→ Activity: Only the lines from the one that contains "Coriander Seeds Isolated, Cilantro" through the last line of the records should appear, each printed exactly as it is.

---- Records provided

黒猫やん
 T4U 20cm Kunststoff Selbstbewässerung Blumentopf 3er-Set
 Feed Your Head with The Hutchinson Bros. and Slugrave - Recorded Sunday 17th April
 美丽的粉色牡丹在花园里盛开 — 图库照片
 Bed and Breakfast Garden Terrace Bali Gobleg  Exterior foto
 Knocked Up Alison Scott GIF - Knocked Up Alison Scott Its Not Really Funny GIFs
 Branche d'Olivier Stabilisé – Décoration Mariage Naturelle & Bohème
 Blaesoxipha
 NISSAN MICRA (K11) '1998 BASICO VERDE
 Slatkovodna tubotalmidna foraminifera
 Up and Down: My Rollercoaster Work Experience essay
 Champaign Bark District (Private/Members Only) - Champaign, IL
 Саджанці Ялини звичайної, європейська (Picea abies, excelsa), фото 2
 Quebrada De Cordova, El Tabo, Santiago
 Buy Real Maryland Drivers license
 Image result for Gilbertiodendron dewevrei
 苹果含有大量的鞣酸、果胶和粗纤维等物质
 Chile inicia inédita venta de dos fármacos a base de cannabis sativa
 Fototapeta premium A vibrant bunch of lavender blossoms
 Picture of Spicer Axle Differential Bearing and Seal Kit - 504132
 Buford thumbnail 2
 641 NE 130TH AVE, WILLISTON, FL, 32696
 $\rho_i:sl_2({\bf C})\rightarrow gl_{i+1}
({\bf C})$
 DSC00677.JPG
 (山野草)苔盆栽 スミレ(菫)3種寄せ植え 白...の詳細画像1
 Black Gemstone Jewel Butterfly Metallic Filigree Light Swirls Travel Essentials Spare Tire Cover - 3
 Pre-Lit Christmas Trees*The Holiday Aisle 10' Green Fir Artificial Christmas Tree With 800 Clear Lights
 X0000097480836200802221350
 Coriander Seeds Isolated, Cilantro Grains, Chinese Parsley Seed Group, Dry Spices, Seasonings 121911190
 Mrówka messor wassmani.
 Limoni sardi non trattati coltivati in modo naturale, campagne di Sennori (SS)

--------

→ Answer to the problem:
 Coriander Seeds Isolated, Cilantro Grains, Chinese Parsley Seed Group, Dry Spices, Seasonings 121911190
 Mrówka messor wassmani.
 Limoni sardi non trattati coltivati in modo naturale, campagne di Sennori (SS)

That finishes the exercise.